= Military Intelligence Civilian Excepted Career Program =

Department of the Army Headquarters career management program
The Military Intelligence Civilian Excepted Career Program (MICECP) is a Department of the Army Headquarters career management program administered by the US Army Field Support Center of the US Army Intelligence and Security Command (INSCOM). The Military Intelligence Civilian Excepted Career Program is tasked with recruiting, training and developing a dedicated civilian intelligence workforce to conduct sensitive intelligence and counterintelligence operations missions worldwide. The program operates from Fort George G. Meade, Maryland.

Military Intelligence Civilian Excepted Career Program members, are actively recruited, trained, and assigned to conduct highly specialized operational intelligence functions within the Army, as Intelligence Operations Specialists. Members must agree to a mobility agreement and be willing to be assigned and reassigned according to the needs of the program.

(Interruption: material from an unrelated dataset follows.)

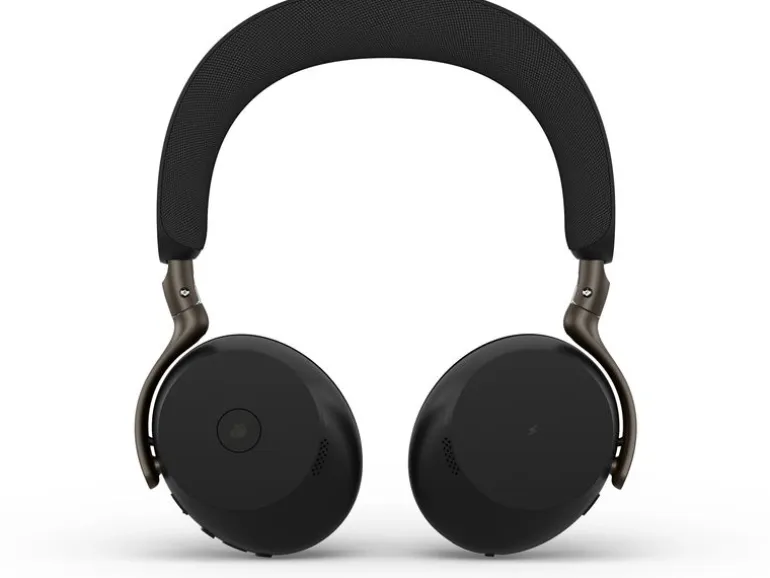 Jabra Headset Evolve3 75 MS Bluetooth, USB-C, Schwarz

Positions filled by MICECP employees may require competency in any one or more of the following fields: Foreign Counterintelligence, counterintelligence investigations, collection, analysis, production, force protection, target exploitation (TAREX), human intelligence (HUMINT) operations, counterintelligence force protection source operations (CFSO), liaison, intelligence support, staff management, technical intelligence disciplines, support to special mission units/special operations forces (SMU/SOF), foreign languages, technology protection, and advice and assistance.

In 1998, Ric Romero was a Counterintelligence Special Agent/Army Civilian for the MICECP and he is the currently Career Program Manager there.